Chapellu ha spiegato che vi è una dotazione finanziaria di 5 milioni di euro, con una procedura a scadenza dall’8 gennaio al 28 febbraio 2025 e gli Enti possono presentare più di una domanda. È possibile richiedere finanziamenti per un edificio intero o per sue porzioni, con importo minimo di 200mila e massimo di 1 milione di euro. Fra le spese ammissibili vi sono anche gli interventi per il miglioramento del comportamento sismico dell’immobile. Non sono più consentite caldaie a gas o a gasolio e ci sono limitazioni anche per quelle a biomassa. I contributi sono a fondo perduto, al massimo dell’80% qualora non si richieda l’attivazione del conto termico al Gse. Le domande devono essere corredate da una diagnosi energetica aggiornata. Chi vuole posizionare un cappotto termico deve predisporre anche l’analisi di vulnerabilità sismica dell’edificio. Gli interventi devono essere completati entro 42 mesi e non avviati prima della concessione del contributo.

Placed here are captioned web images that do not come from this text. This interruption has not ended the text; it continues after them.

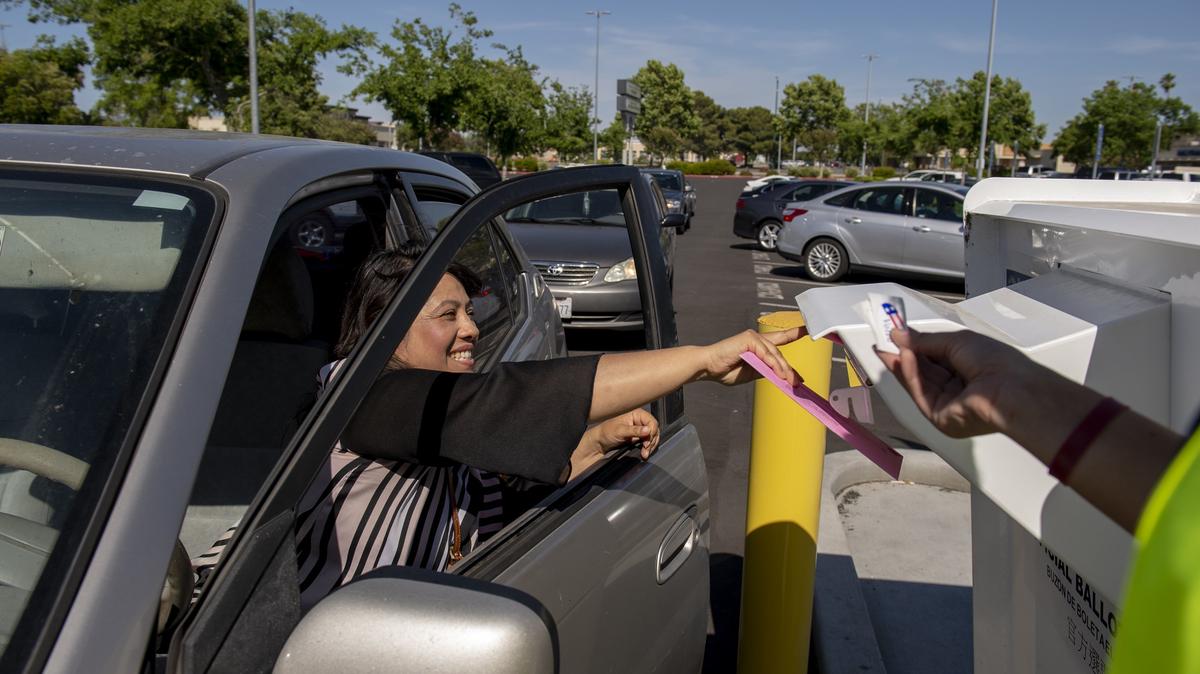 Yesenia Siguenza of Sacramento drops her ballot into the ballot box outside of the Voter Registration and Elections office on 65th Street in South Sacramento on Tuesday, June 5, 2018.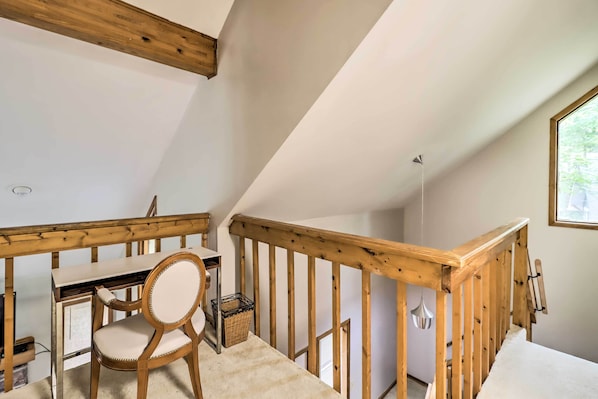 A room with a wooden desk, chair, and a small table. - Hot Tub + Game Room: Peaceful Poconos Home! (Lake Harmony)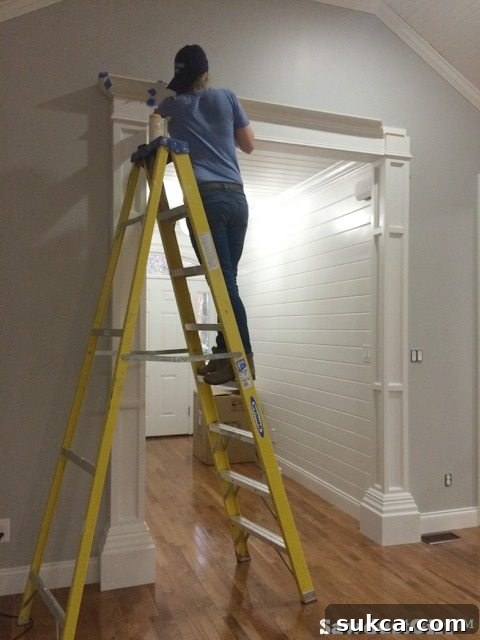 Primed and painted decorative columns in a doorway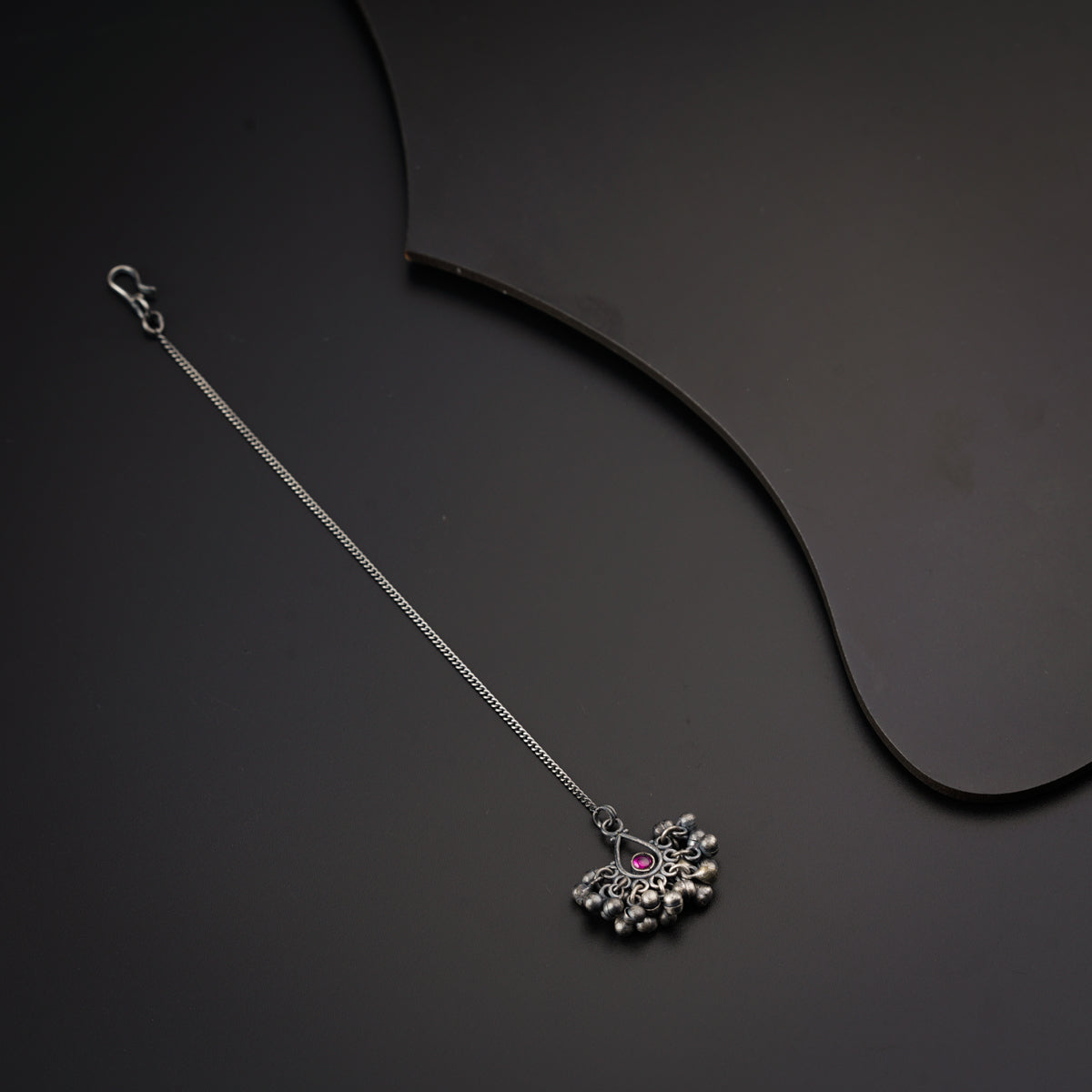 a silver necklace on a black surface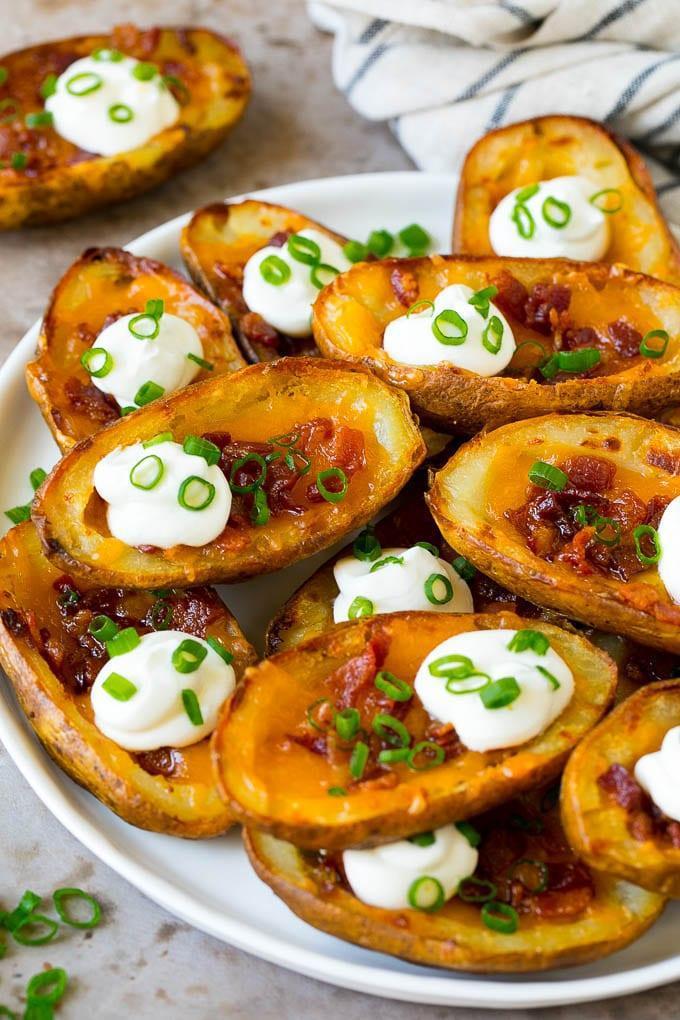 Potato Skins · Topped with melted cheddar, chopped bacon and onions, served with sour cream and a sprinkle of parsley.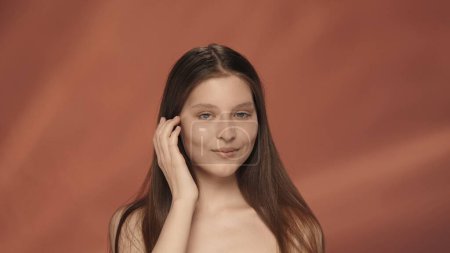 Foto de Retrato de una joven seminud sonriente en el estudio sobre un fondo rojo de cerca. El concepto de belleza natural, cosmetología, cuidado de la piel - Imagen libre de derechos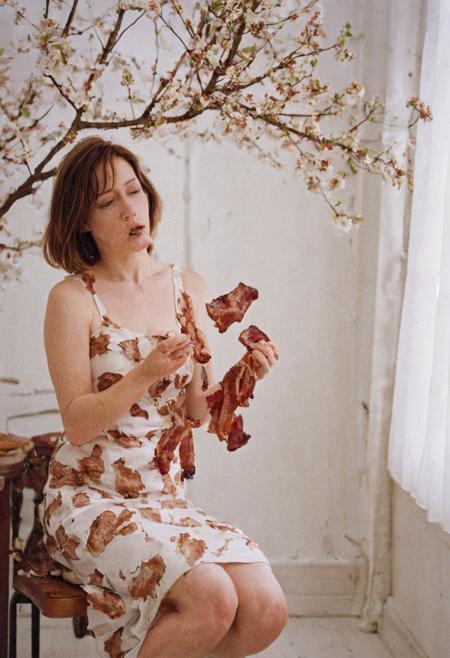 Model photography, the 1990s, bacon, a tree with bacon leaves, beautiful, in a white room, beautiful bacon blossom tree, a female eating bacon, wearing a brown dress, white lighting, film grain, DSLR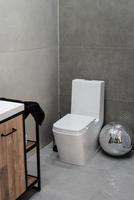 toilet and small washbasin in simple bathroom in gray floor and wall tiles photo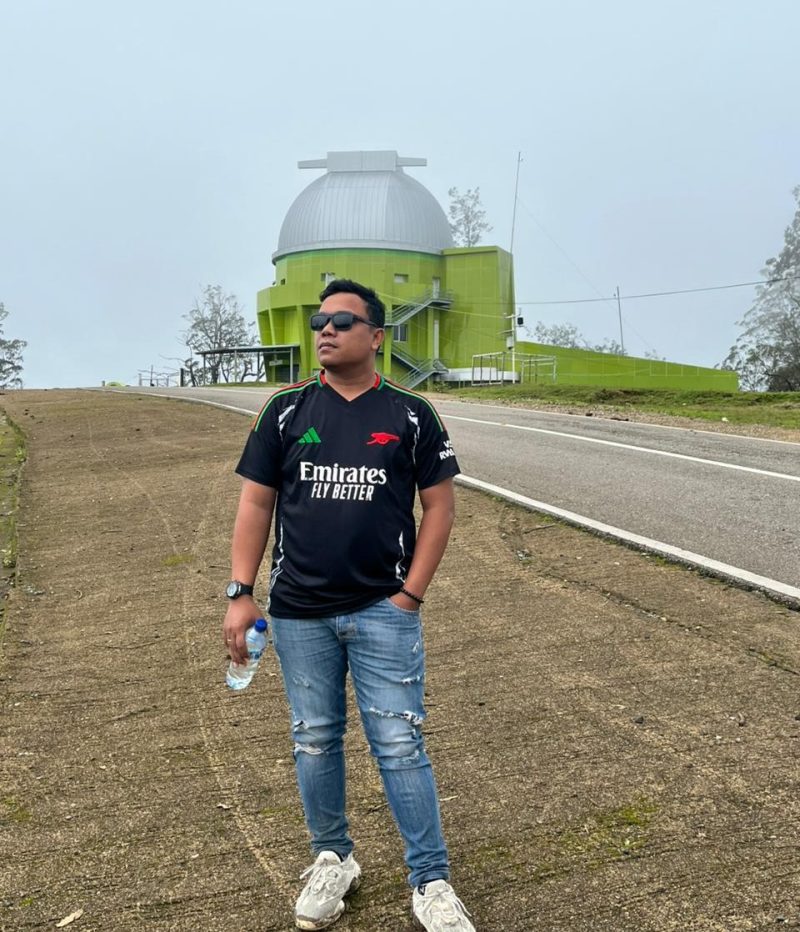 Foto Jurnalis Chris Bani dengan latar belakang Observatorium Timau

È stata formulata un’osservazione sui criteri per la definizione della graduatoria: è stato chiesto di rivedere l’assegnazione di 5 punti per progetto esecutivo approvato. Una riduzione di questo punteggio, garantirebbe maggior equità.
È stato espresso parere favorevole sulla proposta per la determinazione delle quote del fondo di mobilità di cui all’art. 6 della l.r. 46/1998 per l’anno 2024.
Mathieu Ferraris, sindaco di La Thuile e presidente dell’Agenzia dei segretari, ha chiesto maggiori dotazioni per far fronte alle spese necessarie per il supporto tecnico.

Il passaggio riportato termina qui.